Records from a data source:
#####
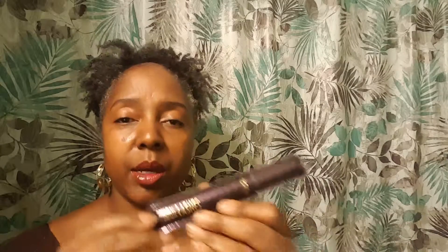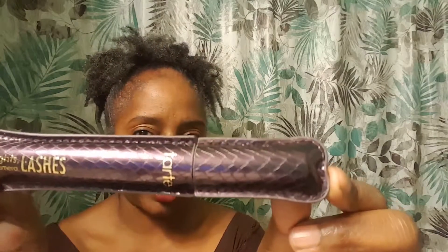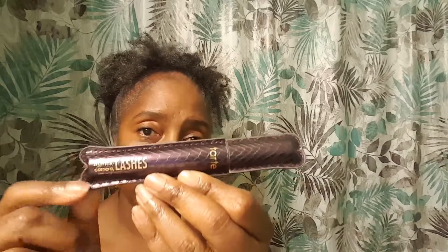I also tried Tarte's Lights Camera Lashes Mascara. Now this one I really like. It gave me a good curl and it gave me definition. So I like this one — give me your thoughts on that one.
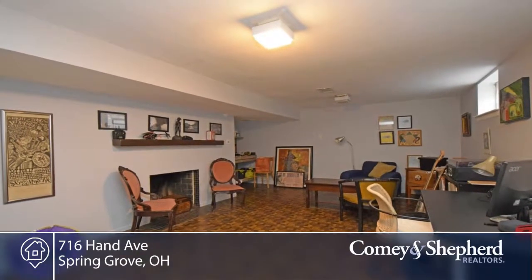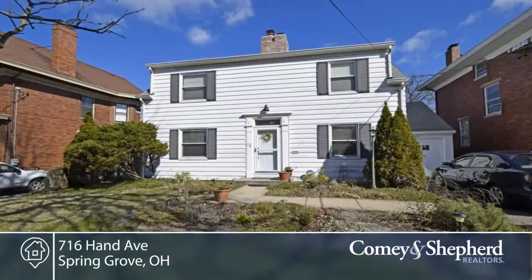You'll love the comfort and ease of updates and location. Call Kate for a personal tour.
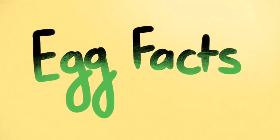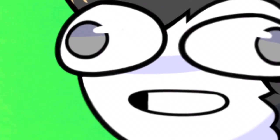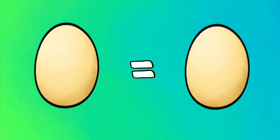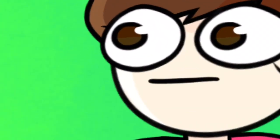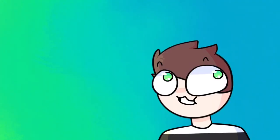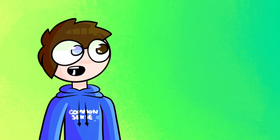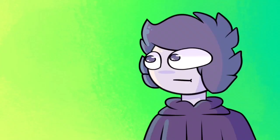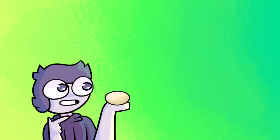Egg facts. Egg fact one: one egg is approximately equal to one egg. Egg fact two: eggs can be smooshed, scrambled, and crumped. Egg fact three. Egg fact four: you can peel the shell off of the egg to make some delicious chips.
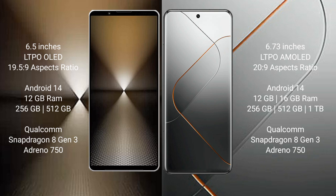Sony Xperia 1 MkVI runs on the Android 14 operating system. It comes with 12GB RAM and 512GB or 1TB internal storage, powered by a Qualcomm Snapdragon 8 Gen 3 processor with Adreno 750 GPU.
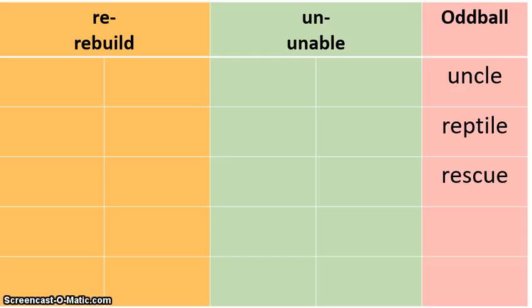Alright. The words that are left over you should be able to sort very quickly. The reason is because some of them start with the letters re — the prefix re — and some of them start with the prefix un. So they're very easy to put into two different categories.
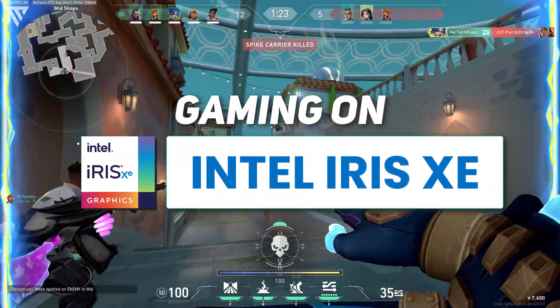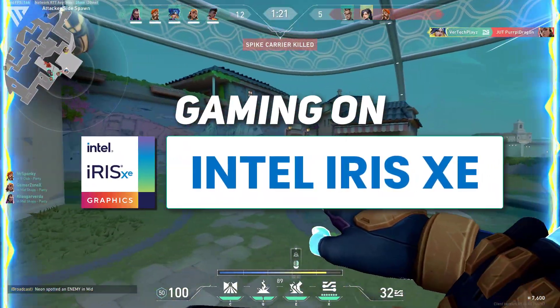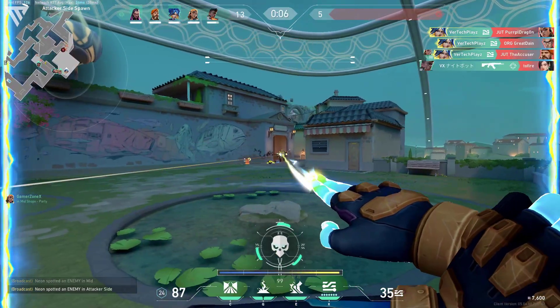Hello guys, and today I am going to show you the gaming performance on the 12th gen Intel Iris Xe graphics. So without any further ado, let's get started.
#####
Your answer should hold every record above, printed exactly and free of pictures.

Response to this exercise:
I also tried Tarte's Lights Camera Lashes Mascara. Now this one I really like. It gave me a good curl and it gave me definition. So I like this one — give me your thoughts on that one.
You'll love the comfort and ease of updates and location. Call Kate for a personal tour.
Egg facts. Egg fact one: one egg is approximately equal to one egg. Egg fact two: eggs can be smooshed, scrambled, and crumped. Egg fact three. Egg fact four: you can peel the shell off of the egg to make some delicious chips.
Sony Xperia 1 MkVI runs on the Android 14 operating system. It comes with 12GB RAM and 512GB or 1TB internal storage, powered by a Qualcomm Snapdragon 8 Gen 3 processor with Adreno 750 GPU.
Alright. The words that are left over you should be able to sort very quickly. The reason is because some of them start with the letters re — the prefix re — and some of them start with the prefix un. So they're very easy to put into two different categories.
Hello guys, and today I am going to show you the gaming performance on the 12th gen Intel Iris Xe graphics. So without any further ado, let's get started.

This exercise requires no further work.